Arbitrator Approves $10.45 Million Class Counsel Fee

In a creative approach to class actions, the parties in Fulawka v The Bank of Nova Scotia asked a recently retired Court of Appeal judge to arbitrate class counsel fees after the parties settled the main issue (see our earlier post ). The arbitrator awarded fees of $10.45 million to class counsel.


This class action was commenced in December 2007. The action claimed compensation for class members for unpaid overtime. The class consists of approximately 14,000 people. The action was certified in February 2010, following a contested hearing. The defendant Bank of Nova Scotia (”BNS”) sought and obtained leave to appeal to the Divisional Court. That appeal was dismissed. BNS further sought and obtained leave to appeal to the Ontario Court of Appeal. That appeal was dismissed, except for a discrete issue. BNS’ motion for leave to appeal to the Supreme Court of Canada was dismissed in March 2013.

After all of BNS’ appeals had been exhausted, the parties entered into an agreement in principal to settle the class action, subject to two outstanding issues:

  1.  Whether prejudgment interest applies to the damages; and
  2. The amount of class counsels’ fees, disbursements and taxes.

The parties agreed to seek the assistance of a third party adjudicator in resolving the two outstanding issues. While mediation resolved the question of prejudgment interest, the class counsel fees issue could not be settled and required binding arbitration.

The Arbitral Award

As there was no issue between the parties regarding the payment of applicable taxes on the fees or the payment of the disbursements by BNS, the sole issue facing the Arbitrator was the amount of fees owed to class counsel. The parties even agreed that the multiplier mechanism set out in the Class Proceedings Act, 1992 should be used to determine the fees, and as such, the arbitration centered on the reasonableness of the base fee and the appropriate multiplier.

Reasonableness of the Base Fee

Class counsel argued that a base fee of $3.91 million was reasonable for a case of this complexity, particularly given the value of the result to the client. BNS argued that the base fee should be reduced by a third to reflect duplication in effort because the class was represented by three separate law firms.

The Arbitrator found that “this case presented considerable and novel complexity and the results achieved are significant”. Moreover, though there may have been some duplication in work given that multiple firms were involved, it was not “desirable or even possible to precisely quantify this.”

As a result of a few docketed tasks that the client – and therefore BNS – ought not have been charged, the Arbitrator ordered a 3% reduction of the base fee. He therefore set the base fee at $3.8 million.

Appropriate Multiplier

Class counsel argued that the appropriate multiplier should be 3.75, BNS proposed 1.38. The Arbitrator held that the appropriate multiplier was 2.75.

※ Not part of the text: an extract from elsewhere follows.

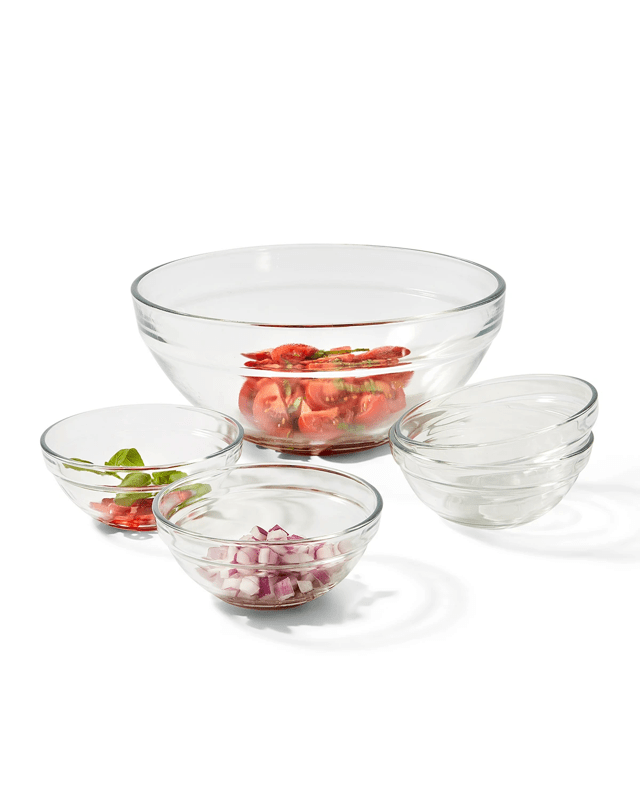 Set of 5 Glass Mixing and Prep B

In doing so, the Arbitrator focussed on the two considerations set out in Gagne v Silcorp Ltd.:

  1. The risk incurred by class counsel in undertaking and continuing the class action under a contingency agreement; and
  2. The degree of success achieved.

Regarding the risk, the Arbitrator found that class counsel undertook considerable risk given that there were few precedents for large scale employment class actions, and prospects for certification were uncertain at the time. The Arbitrator also noted that this risk diminished when the avenues of appeal were exhausted by BNS.

Furthermore, the nature of the success achieved for the class – including the binding procedure agreed upon to evaluate and pay individual claims for overtime and the payment of class counsels’ fees without any reduction in payment to the class – meant that the class enjoyed a significant degree of success.

As such, the appropriate multiplier was determined to be 2.75, resulting in class counsel fees of $10.45 million.

Key Take Aways

Notwithstanding that several aspects of the dispute were – in the words of the Arbitrator – “relatively unique in the world of class actions” – such as the agreement that class counsels’ fees be determined before the total recovery for the class was known – four general points can be distilled from the Arbitral Award which may impact costs awards in class actions going forward:

  • Having multiple firms representing the class may not necessarily warrant a reduction in the base fee;
  • Duplication of work is to some degree inevitable and impossible to quantify, and as such may not form the basis for reducing class counsel fees;
  • Success for the class need not be absolute, only significant, to warrant payment of class counsel fees; and most importantly
  • Mediation and arbitration can be effective tools to resolve disputes in class actions, particularly if the parties focus on discrete issues.